» **About this exercise**
The full listing, reproduced exactly, is what the response must contain.
(Input data Opens)
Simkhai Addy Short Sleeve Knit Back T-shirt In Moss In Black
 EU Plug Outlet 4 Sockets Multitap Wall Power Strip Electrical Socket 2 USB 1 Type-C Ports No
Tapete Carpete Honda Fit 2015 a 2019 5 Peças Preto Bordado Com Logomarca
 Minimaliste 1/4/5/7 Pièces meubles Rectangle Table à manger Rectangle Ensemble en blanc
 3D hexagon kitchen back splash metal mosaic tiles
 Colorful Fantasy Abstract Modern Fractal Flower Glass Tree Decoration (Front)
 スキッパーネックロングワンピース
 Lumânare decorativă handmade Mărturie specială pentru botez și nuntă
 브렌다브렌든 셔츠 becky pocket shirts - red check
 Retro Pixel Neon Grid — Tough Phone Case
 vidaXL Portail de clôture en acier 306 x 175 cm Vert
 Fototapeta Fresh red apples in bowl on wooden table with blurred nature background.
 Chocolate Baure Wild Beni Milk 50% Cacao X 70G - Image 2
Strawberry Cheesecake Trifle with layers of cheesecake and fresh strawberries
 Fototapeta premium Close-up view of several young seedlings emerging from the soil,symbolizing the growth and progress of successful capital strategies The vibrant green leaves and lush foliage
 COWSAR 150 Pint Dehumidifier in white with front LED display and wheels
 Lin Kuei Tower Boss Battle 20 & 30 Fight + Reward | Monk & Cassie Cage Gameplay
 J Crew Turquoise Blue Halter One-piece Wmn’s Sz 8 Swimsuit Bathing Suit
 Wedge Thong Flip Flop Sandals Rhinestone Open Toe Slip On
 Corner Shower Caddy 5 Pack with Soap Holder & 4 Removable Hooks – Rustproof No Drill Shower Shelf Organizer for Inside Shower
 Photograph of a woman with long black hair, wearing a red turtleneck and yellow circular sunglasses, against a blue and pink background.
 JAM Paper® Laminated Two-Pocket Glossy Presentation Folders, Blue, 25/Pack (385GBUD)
(Input data Closes)
» **Expected answer**
Simkhai Addy Short Sleeve Knit Back T-shirt In Moss In Black
 EU Plug Outlet 4 Sockets Multitap Wall Power Strip Electrical Socket 2 USB 1 Type-C Ports No
Tapete Carpete Honda Fit 2015 a 2019 5 Peças Preto Bordado Com Logomarca
 Minimaliste 1/4/5/7 Pièces meubles Rectangle Table à manger Rectangle Ensemble en blanc
 3D hexagon kitchen back splash metal mosaic tiles
 Colorful Fantasy Abstract Modern Fractal Flower Glass Tree Decoration (Front)
 スキッパーネックロングワンピース
 Lumânare decorativă handmade Mărturie specială pentru botez și nuntă
 브렌다브렌든 셔츠 becky pocket shirts - red check
 Retro Pixel Neon Grid — Tough Phone Case
 vidaXL Portail de clôture en acier 306 x 175 cm Vert
 Fototapeta Fresh red apples in bowl on wooden table with blurred nature background.
 Chocolate Baure Wild Beni Milk 50% Cacao X 70G - Image 2
Strawberry Cheesecake Trifle with layers of cheesecake and fresh strawberries
 Fototapeta premium Close-up view of several young seedlings emerging from the soil,symbolizing the growth and progress of successful capital strategies The vibrant green leaves and lush foliage
 COWSAR 150 Pint Dehumidifier in white with front LED display and wheels
 Lin Kuei Tower Boss Battle 20 & 30 Fight + Reward | Monk & Cassie Cage Gameplay
 J Crew Turquoise Blue Halter One-piece Wmn’s Sz 8 Swimsuit Bathing Suit
 Wedge Thong Flip Flop Sandals Rhinestone Open Toe Slip On
 Corner Shower Caddy 5 Pack with Soap Holder & 4 Removable Hooks – Rustproof No Drill Shower Shelf Organizer for Inside Shower
 Photograph of a woman with long black hair, wearing a red turtleneck and yellow circular sunglasses, against a blue and pink background.
 JAM Paper® Laminated Two-Pocket Glossy Presentation Folders, Blue, 25/Pack (385GBUD)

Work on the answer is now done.